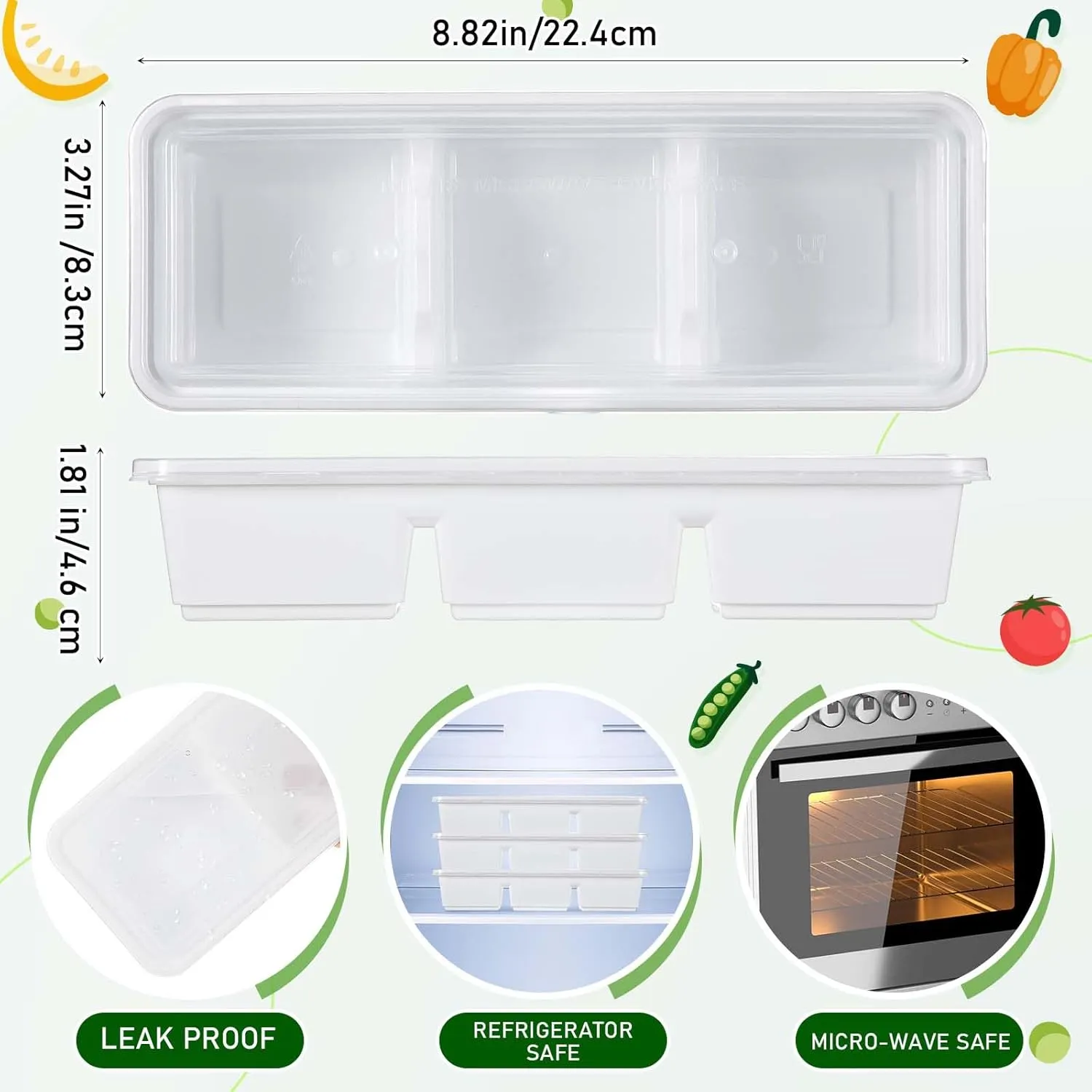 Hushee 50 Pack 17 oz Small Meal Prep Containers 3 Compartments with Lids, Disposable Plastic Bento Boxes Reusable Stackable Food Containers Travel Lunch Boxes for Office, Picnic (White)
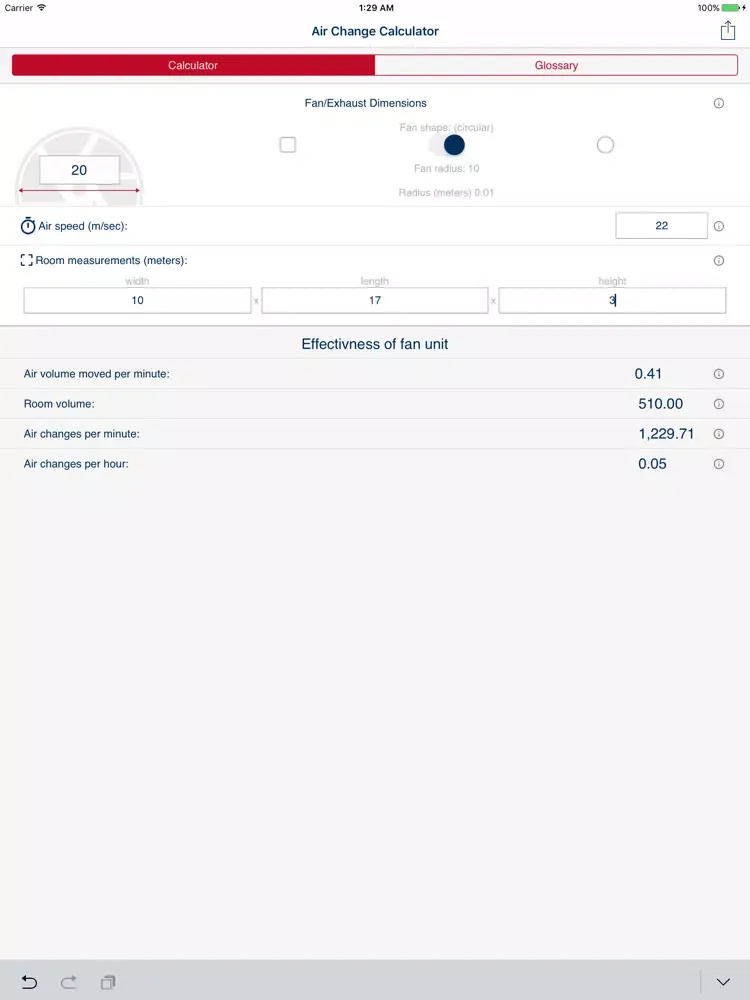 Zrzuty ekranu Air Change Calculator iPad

--

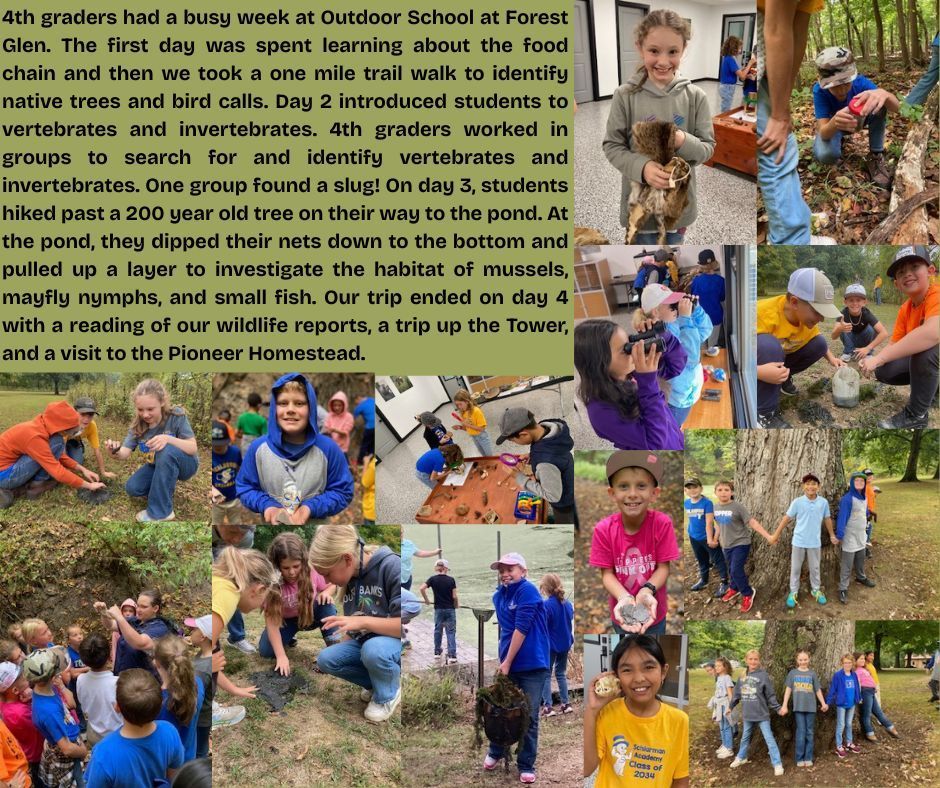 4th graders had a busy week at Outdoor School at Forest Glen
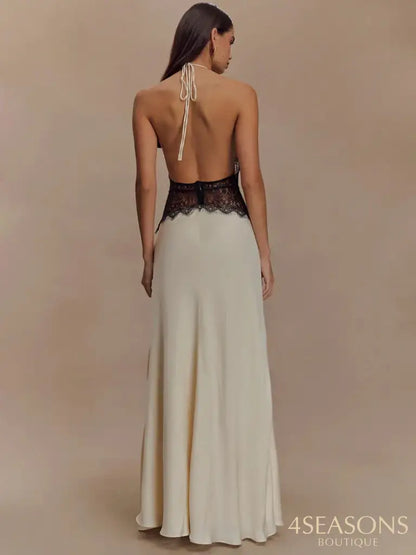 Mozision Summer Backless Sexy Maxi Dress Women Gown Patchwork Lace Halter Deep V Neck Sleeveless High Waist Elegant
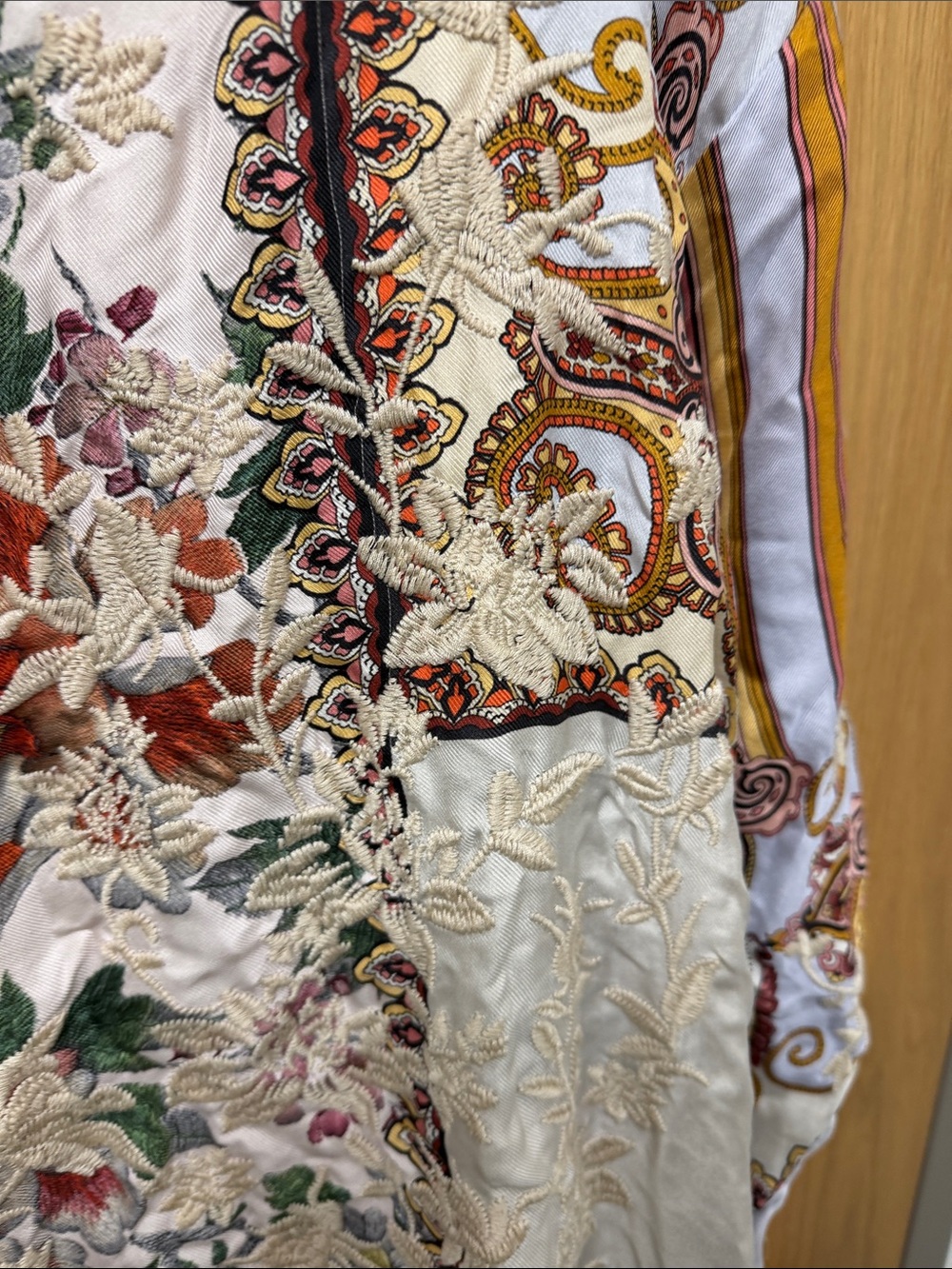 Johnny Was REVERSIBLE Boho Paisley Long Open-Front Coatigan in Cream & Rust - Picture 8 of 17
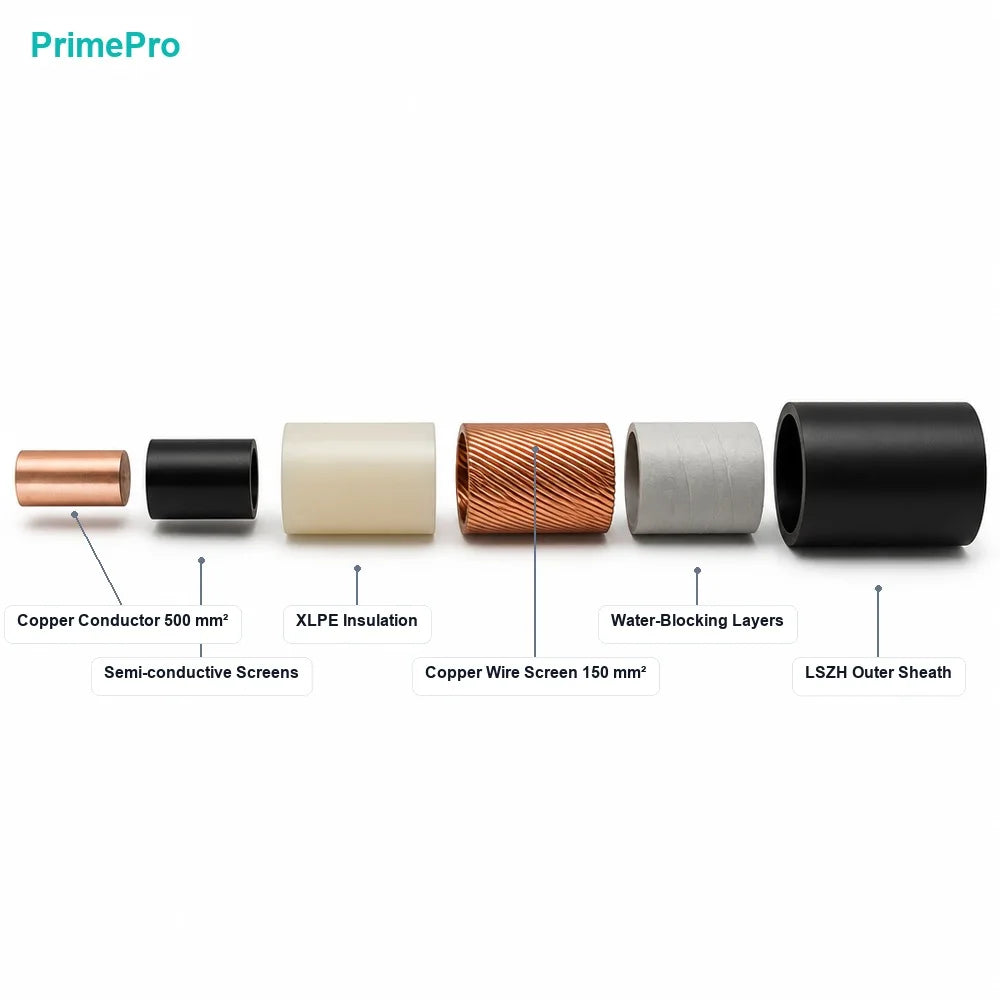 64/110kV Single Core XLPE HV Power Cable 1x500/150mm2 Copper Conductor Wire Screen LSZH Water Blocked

What you will do »
From the listing above, restate verbatim the lines running from the one with "4th graders had" through the one with "64/110kV Single Core", inclusive, but not the pictures.

Output for this task »
 4th graders had a busy week at Outdoor School at Forest Glen
 Mozision Summer Backless Sexy Maxi Dress Women Gown Patchwork Lace Halter Deep V Neck Sleeveless High Waist Elegant
 Johnny Was REVERSIBLE Boho Paisley Long Open-Front Coatigan in Cream & Rust - Picture 8 of 17
 64/110kV Single Core XLPE HV Power Cable 1x500/150mm2 Copper Conductor Wire Screen LSZH Water Blocked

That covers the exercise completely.